Wang, 61, now serves, according to one Western expert, as "China's chief spook," the shadowy surpervisor of China's foreign esponage and extensive domestic spy network designed to prevent subversion at home.

His new prominence may derive directly from the equally murky events of last Oct. 6, when former Party Chairman Mao Tse-tung's widow and three of her close allies on the Politburo were arrested around midnight and sent off to political oblivion.

As a long-time commander of the crack 8341 unit that provides security and also some espionage service to the chairman of the Communist Party, Wang's loyalties on that night, just a month after the death of Mao, must have been subject of great concern to the factions struggling to inherit Mao's mantle.

Reports coming out of China indicate that Wang was willing to turn his back on the wife of the man he had served as orderly and bodyguard since before the Long March in 1933 and support the relatively unknown Hunan bureaucrat Hua Kuo-feng, the candidate of most of the influential party and army veterans for the chairmanship. Wang reportedly alerted Hua when Chiang attempted to remove some of Mao's papers from the office after his death, allegedly to alter them in a way that would support her own claim to the chairmanship.

After the purge of Chiang Ching and her allies, Wang allegedly was assigned to help conduct the investigation of their crimes.

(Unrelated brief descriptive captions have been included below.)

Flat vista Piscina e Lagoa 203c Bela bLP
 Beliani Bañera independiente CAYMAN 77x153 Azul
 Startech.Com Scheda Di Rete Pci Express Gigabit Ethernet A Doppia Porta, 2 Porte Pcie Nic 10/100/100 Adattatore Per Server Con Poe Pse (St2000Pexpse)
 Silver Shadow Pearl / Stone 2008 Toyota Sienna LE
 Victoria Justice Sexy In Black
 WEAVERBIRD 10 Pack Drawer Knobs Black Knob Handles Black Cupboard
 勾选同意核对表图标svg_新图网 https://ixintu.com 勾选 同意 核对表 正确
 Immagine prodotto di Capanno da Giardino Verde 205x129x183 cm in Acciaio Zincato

He seemed to be inheriting the role of Kang Sheng, the man who, until he died in 1975, was Mao's trusted confidant and informant on matters of espionage and security.

After Wang's role as Mao's personal guard ended with the Communist victory in 1949, he served in an assortment of public security ministry that he began to take on extraordinary responsibilities, being put in charge, according to one report, of detaining an army officer who was one of the first purge victims in the Cultural Revolution.

His assignment to follow Liu on his trip to West Asia seems in hindsight a clear Mao attempt to keep tabs on the man Mao considered the principal villain in his fight against an entrenched bureaucracy.

It appears that under Kang's leadership, Wang watched out for disloyalty to Mao in the Chinese army as it played a crucial role in the factional struggles of the late 1960s.